This rings true. I’ve experienced it myself and seen it in others. We are our best selves when driven by the desire to build strong relationships and be there for people in need. We are willing to sacrifice immediate pleasure when the stakes are higher than our own interests and gains.

Destano concludes that morality, character and grace fuel resolve.

Armed with new knowledge of resolutions, I’d like to make one:

Let’s make 2018 the year of the real apology.

2017 was the year of the non-apology. People in power—politicians and entertainers—made mistakes. Illegal, disrespectful and dishonest mistakes.
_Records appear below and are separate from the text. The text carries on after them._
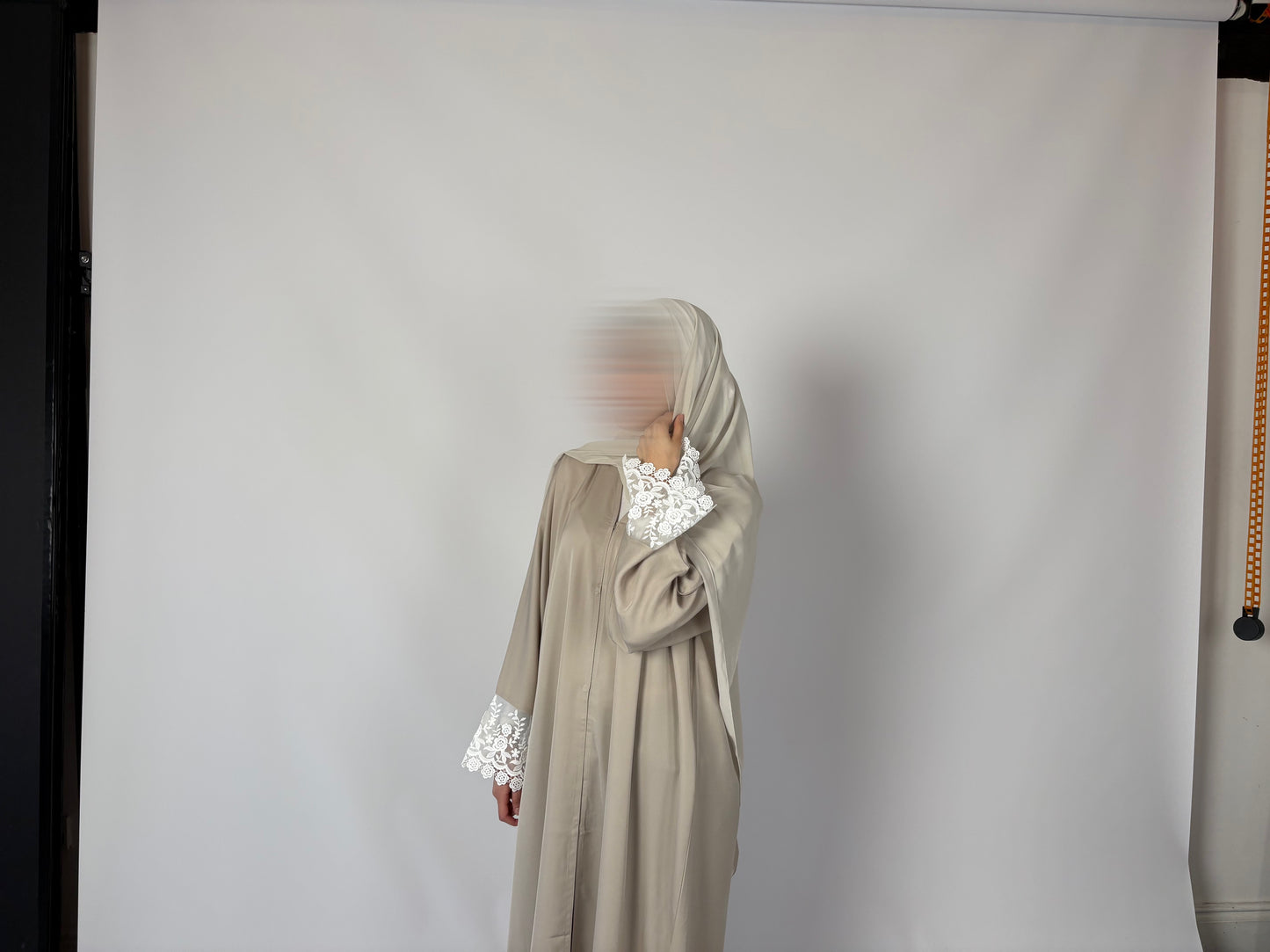 Cream Lace abaya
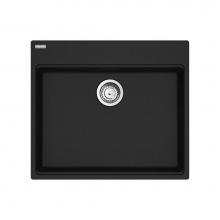 Franke Residential Canada MAG61023ADA-ONY-S - Franke Maris Dual Mount 25-in x 22-in Fragranite ADA Single Bowl Kitchen Sink in Onyx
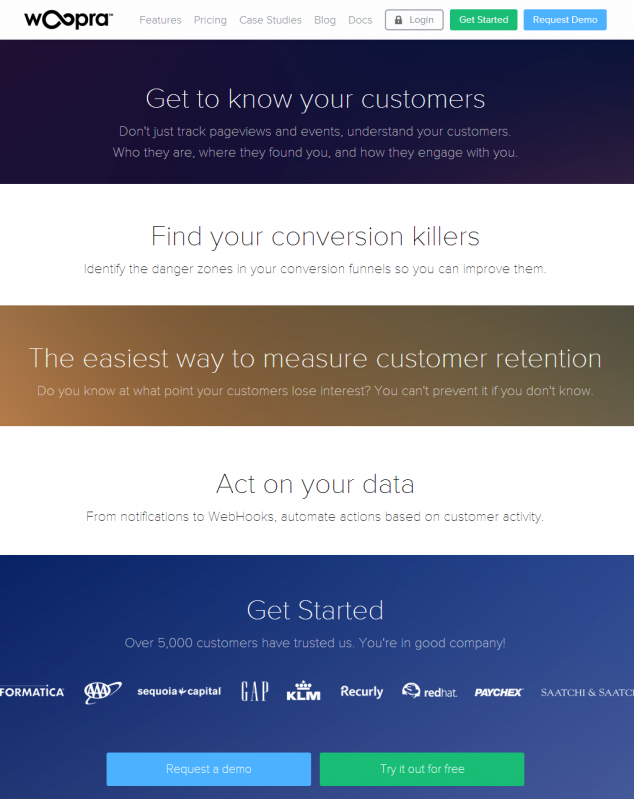 Woopra's landing page woopra_second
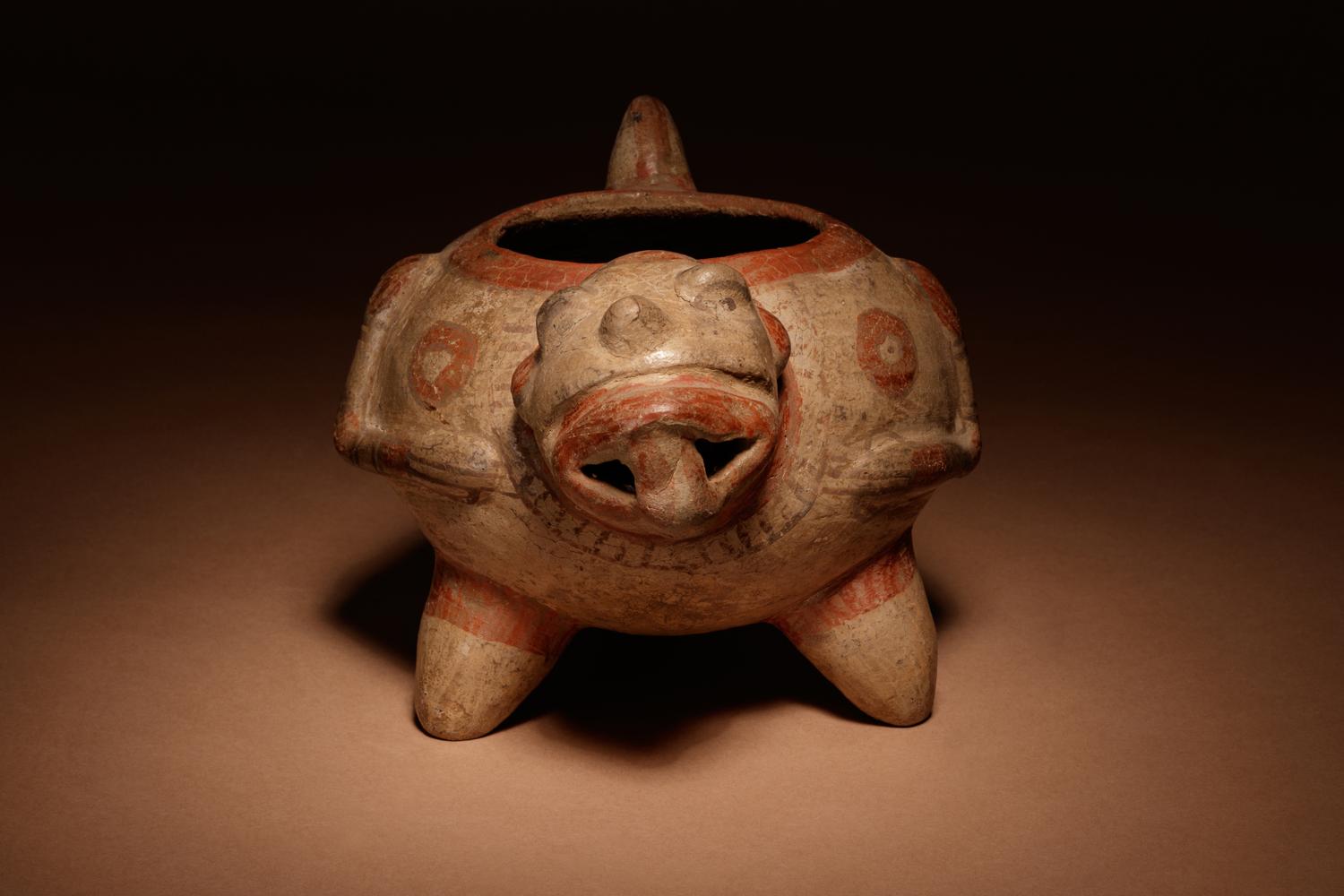 A Nicoya Polychrome Terracotta Animal Effigy Vessel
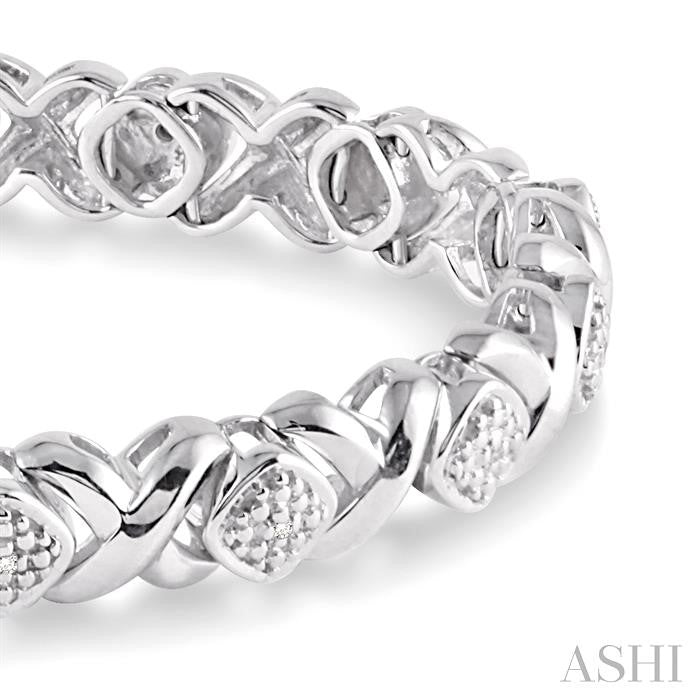 1/10 Ctw 'X' and SQ Round Cut Diamond Bracelet in Sterling Silver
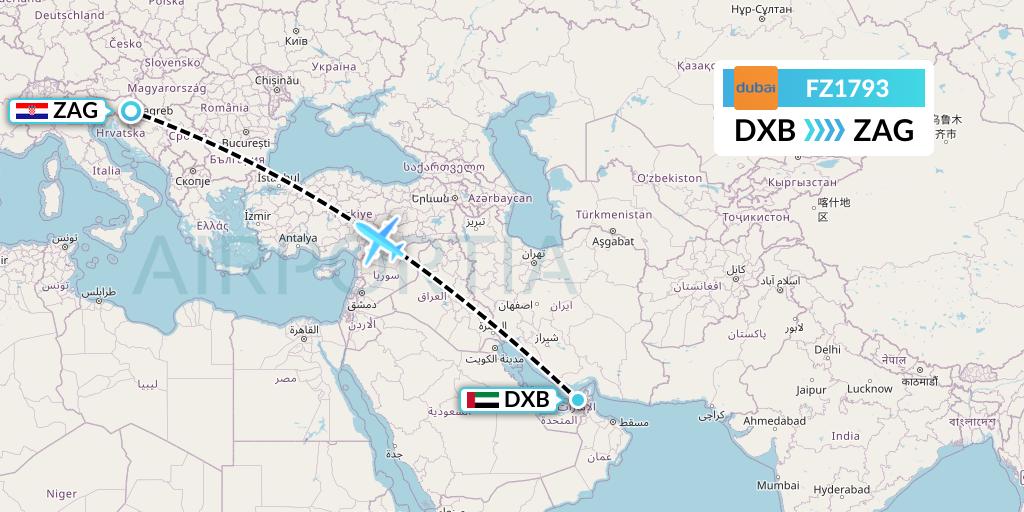 FZ1793 FlyDubai Flight Map: Dubai to Zagreb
Once exposed and given a chance to make things right, many of them “couldn’t recall” what happened. They were sorry “if” someone felt hurt or offended, and often further deflected personal responsibility by saying “that’s not who I am.” Some blamed those they had hurt. Some ran away, issuing statements through their publicists.

These non-apologies amount to colossal failures of character and leadership. They elevate selfish interests and gains over compassion for others, over genuine desire for personal growth, over the opportunity to influence others with an example of kindness, humility, generosity. If our character is the one thing in life over which we have real control, then we should cultivate it by exercising our gratitude and compassion muscles, which make us more optimistic about the future and strengthens our self-control.

Below is my 2015 Honor Code talk—Honor & Apologies— to students and faculty. In it, I detail the elements of a proper apology. Feels like a good time to resurrect it…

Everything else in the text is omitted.